Frances Neumann wipes a tear as she speaks to commissioners at the first public hearings of the National Inquiry into Missing and Murdered Indigenous Women and Girls is holding in Whitehorse. (Jonathan Hayward/Canadian Press)

Heather Bear says more must be done to save the lives of Indigenous women.

On Tuesday, Statistics Canada issued a report saying Indigenous women made up one-quarter of all female homicide victims in 2015. 

'This isn't the way of our people."- Heather Bear, Vice Chief of the Federation of Sovereign Indigenous Nations

Bear, the Vice Chief of the Federation of Sovereign Indigenous Nations, said it's important that First Nations look for traditional answers to this issue.

"Colonization has become internalized when we start to hurt each other," said Bear, vice-chief of the Federation of Indigenous Sovereign Nations.

"This isn't the way of our people."

Between 2001 and 2015, the study found that the homicide rate for Indigenous women was nearly six times higher than non-Indigenous women.

"We had a structure, a respect model that promoted order," she said. "We need to work within our own communities to reconcile the language, the traditions, the values, the customs, the good ways," she said. "We need to bring those back."

However, advocates said the non-Indigenous world also has a major part to play with this issue. Many women are hesitant to bring their stories to police attention.
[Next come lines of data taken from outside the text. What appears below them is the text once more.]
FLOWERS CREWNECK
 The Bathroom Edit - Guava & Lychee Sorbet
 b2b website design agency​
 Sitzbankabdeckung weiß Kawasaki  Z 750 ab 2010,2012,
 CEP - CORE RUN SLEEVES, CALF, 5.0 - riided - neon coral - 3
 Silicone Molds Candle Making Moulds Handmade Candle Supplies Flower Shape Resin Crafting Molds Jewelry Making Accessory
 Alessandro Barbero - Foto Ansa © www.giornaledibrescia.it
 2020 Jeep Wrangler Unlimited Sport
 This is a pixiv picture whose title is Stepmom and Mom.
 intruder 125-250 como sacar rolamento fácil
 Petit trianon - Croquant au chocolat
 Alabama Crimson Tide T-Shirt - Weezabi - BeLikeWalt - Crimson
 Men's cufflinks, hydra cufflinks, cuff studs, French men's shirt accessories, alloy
"With indigenous women, you don't need to look very far to see examples of why you wouldn't want to report," said Jo-Anne Dusel, co-ordinator for the Provincial Association of Transition Houses and Services of Saskatchewan.

"Indigenous women fear calling the police because they don't know how they're going to be responded to."

Dusel said a recently reported example from Alberta, where a victim of sexual assault was jailed and shackled, shows problems with the justice system.

"If police show up to a domestic disturbance, and they don't know who started it, they'll arrest both." she said. "It makes people reluctant to call for help."

Indigenous women made up less than five per cent of the total female population in Canada in 2015 but accounted for more than one-third of female admissions to federal and provincial/territorial custody in 2014-15.

The largest proportions were in the western provinces and the territories.